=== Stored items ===
*** Begin section ***
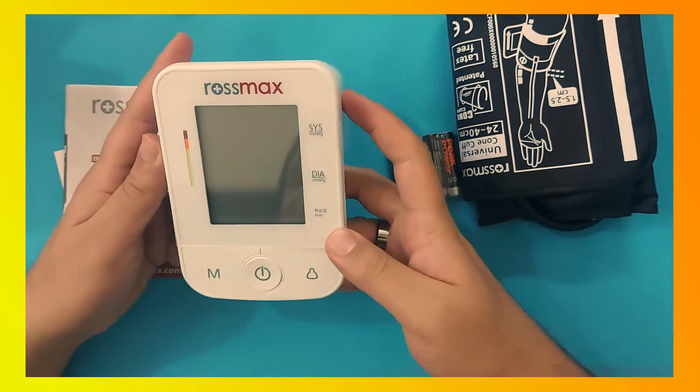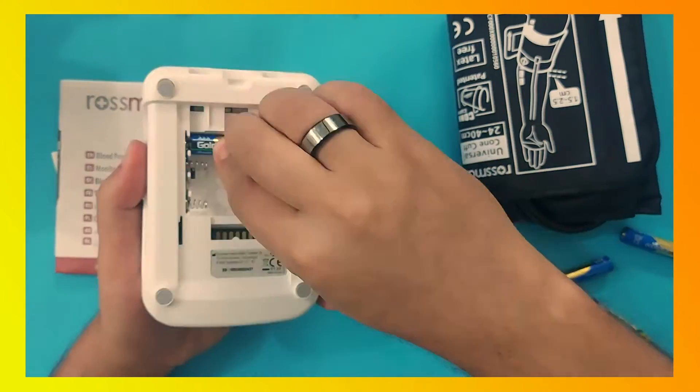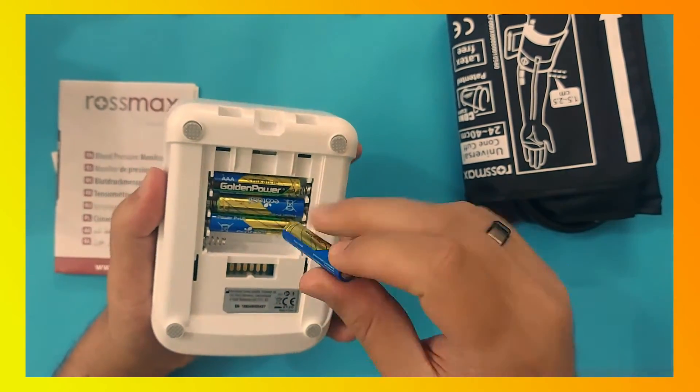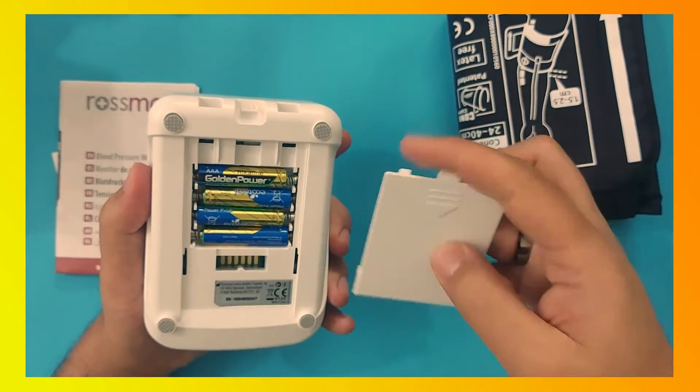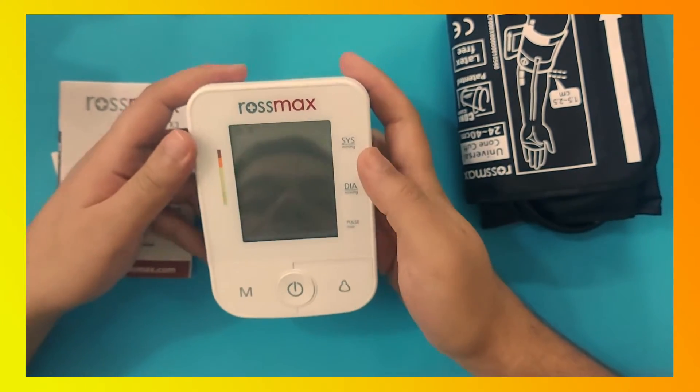First, you have to install the batteries according to the plus and minus sign, as you can see in the video clearly. Install the battery and close the back flip. Now the setting will appear on the screen.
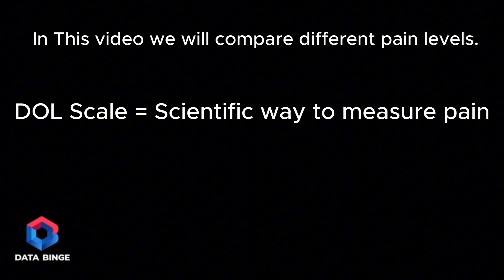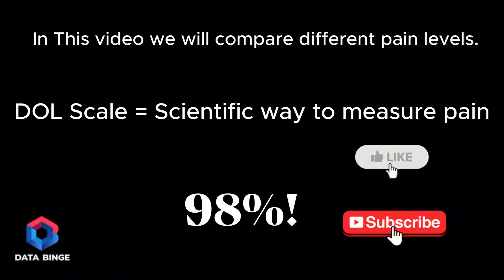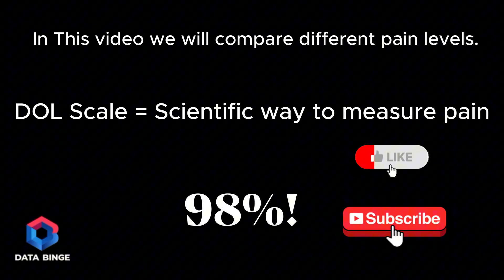In this video we will compare different pain levels. The Dull Scale is a way scientists measure pain. Before we begin, did you know over 98% of people who watch our videos are not subscribed? So if you enjoy, please like the video and hit subscribe for more. Now sit back, relax and let the binging begin.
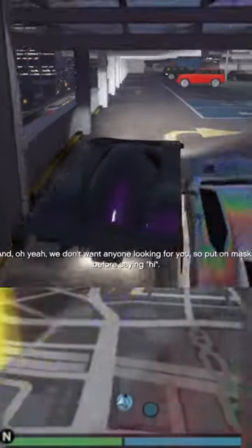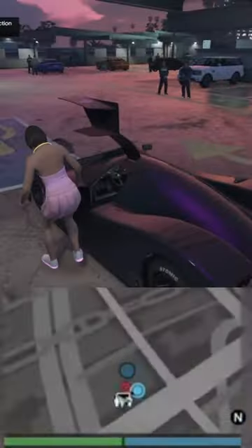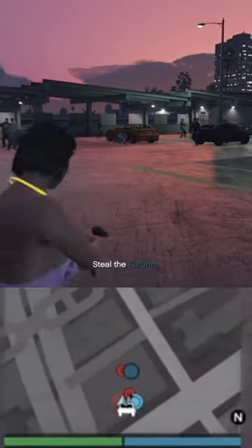A really fast way to get the Kuruma out of the parking lot is of course to use a ramp car. This can include, but not limited to, the S80RR, like in the video, the Tyrus, or the Vigilante.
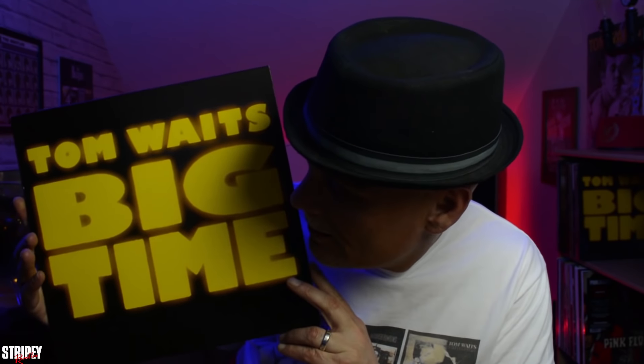Look at that! I know what you're thinking — you can see it in the background — but I tell you, I don't know, you can tell the difference in the cover. Let's have a little look at the actual record. It's in a plain black sleeve. I don't think it originally came that way, but I'll leave it out. It's lovely — bing, look at that, Tom Waits' Big Time.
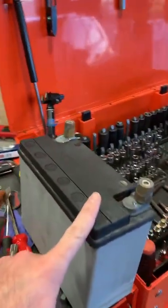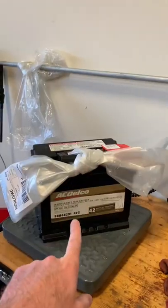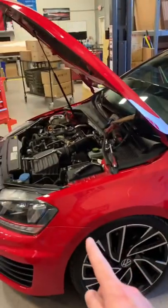I have to put a battery in this Mark 7 GTI, because the guy I bought it from put a lightweight battery in the car, which I personally think is ridiculous. The lightweight battery weighs 17.4 pounds, and the replacement battery weighs 32.4 pounds.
*** End section ***
=== What you are asked to do ===
Each line of the data needs to be output exactly, with any image excluded.

=== Solution below ===
First, you have to install the batteries according to the plus and minus sign, as you can see in the video clearly. Install the battery and close the back flip. Now the setting will appear on the screen.
In this video we will compare different pain levels. The Dull Scale is a way scientists measure pain. Before we begin, did you know over 98% of people who watch our videos are not subscribed? So if you enjoy, please like the video and hit subscribe for more. Now sit back, relax and let the binging begin.
A really fast way to get the Kuruma out of the parking lot is of course to use a ramp car. This can include, but not limited to, the S80RR, like in the video, the Tyrus, or the Vigilante.
Look at that! I know what you're thinking — you can see it in the background — but I tell you, I don't know, you can tell the difference in the cover. Let's have a little look at the actual record. It's in a plain black sleeve. I don't think it originally came that way, but I'll leave it out. It's lovely — bing, look at that, Tom Waits' Big Time.
I have to put a battery in this Mark 7 GTI, because the guy I bought it from put a lightweight battery in the car, which I personally think is ridiculous. The lightweight battery weighs 17.4 pounds, and the replacement battery weighs 32.4 pounds.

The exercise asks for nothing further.